Selon une ancienne croyance, peut-être imaginée par un peuple insulaire, la terre était entourée d’eau et flottait. Les hindous se figuraient que la terre reposait sur plusieurs fondements successifs : D’abord sur quatre éléphants, les éléphants sur une tortue géante, et la tortue sur un gigantesque serpent enroulé qui flottait sur les eaux de l’univers.

*Nota : Remarquons par ailleurs que seul un objet sphérique paraît circulaire quel que soit l’angle de vue. Un disque présente le plus souvent la forme d’une ellipse, non celle d’un cercle.

Empédocle, philosophe grec du Vème siècle avant notre ère, croyait, quant à lui, que la terre reposait sur un tourbillon à l’origine du déplacement des corps célestes.

A l’époque, l’influence d’Aristote était déterminante. Tout en supposant la terre sphérique, il niait catégoriquement qu’elle puisse être suspendue dans le vide. réfutant l’idée que la terre repose sur l’eau, il déclara ceci dans un traité du ciel : " L’eau non plus (pas plus que la terre) ne reste pas naturellement immobile en l’air, mais elle doit reposer sur quelque chose(47)." Quel est donc ce "quelque chose" ? Aristote affirmait que le soleil, la lune et les étoiles étaient fixés à la surface de sphères solides et transparentes. Chaque sphère était imbriquée dans une autre, et la terre se tenait, immobile, au centre. A mesure que les sphères tournaient les unes dans les autres, les corps qu’elles soutenaient — le soleil, la lune et les planètes —- se déplaçaient dans le ciel.

L’explication d’Aristote se tenait. En effet, comment interpréter autrement que des corps célestes restent en suspension sans être retenus à quoi que ce soit ? L’admiration qui entourait ce personnage valut à son opinion d’être admise comme un fait pendant environ 2000 ans. Une encyclopédie (The New Encyclopoedia Britannica) explique qu’aux XVIème et XVIIème siècle l’Église "a élevé au rang de dogme religieux" les conceptions d’Aristote(48).

L’invention de la lunette astronomique entraîna une remise en cause de la théorie d’Aristote. L’énigme ne devait toutefois trouver solution qu’avec Isaac Newton, lequel expliqua que les planètes sont suspendues dans le vide, maintenues sur leur orbite par une force invisible : La gravité. La chose paraissait incroyable.

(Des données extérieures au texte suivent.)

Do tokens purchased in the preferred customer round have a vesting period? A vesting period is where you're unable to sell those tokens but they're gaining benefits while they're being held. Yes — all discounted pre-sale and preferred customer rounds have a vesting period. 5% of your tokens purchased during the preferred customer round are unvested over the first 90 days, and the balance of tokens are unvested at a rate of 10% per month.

Même certains collègues de Newton doutaient que l’espace fut un vide, un vide presque totalement dépourvu de matière*(49).

*Nota : Une idée maîtresse à l’époque de Newton supposait l’univers rempli par l’éther, une sorte de "soupe cosmique" balayée par des tourbillons qui faisaient tourner les planètes.

Que disait la Bible sur cette question ? Il y a près de 3500 ans, elle affirmait en termes on ne peut plus clairs que la terre est suspendue "sur rien". (Job 26:7). Dans l’original hébreu, le mot traduit ici par "rien" (belimah) signifie littéralement "sans rien(50)". Une traduction anglaise (Contemporary English Version) emploie l’expression "sur le vide".

Une planète suspendue "sur le vide" : Voilà qui à l’époque ne cadrait pas du tout avec l’image que l’on se faisait généralement de la terre. Bien en avance sur son temps, le rédacteur biblique consigna pourtant cette affirmation scientifiquement exacte.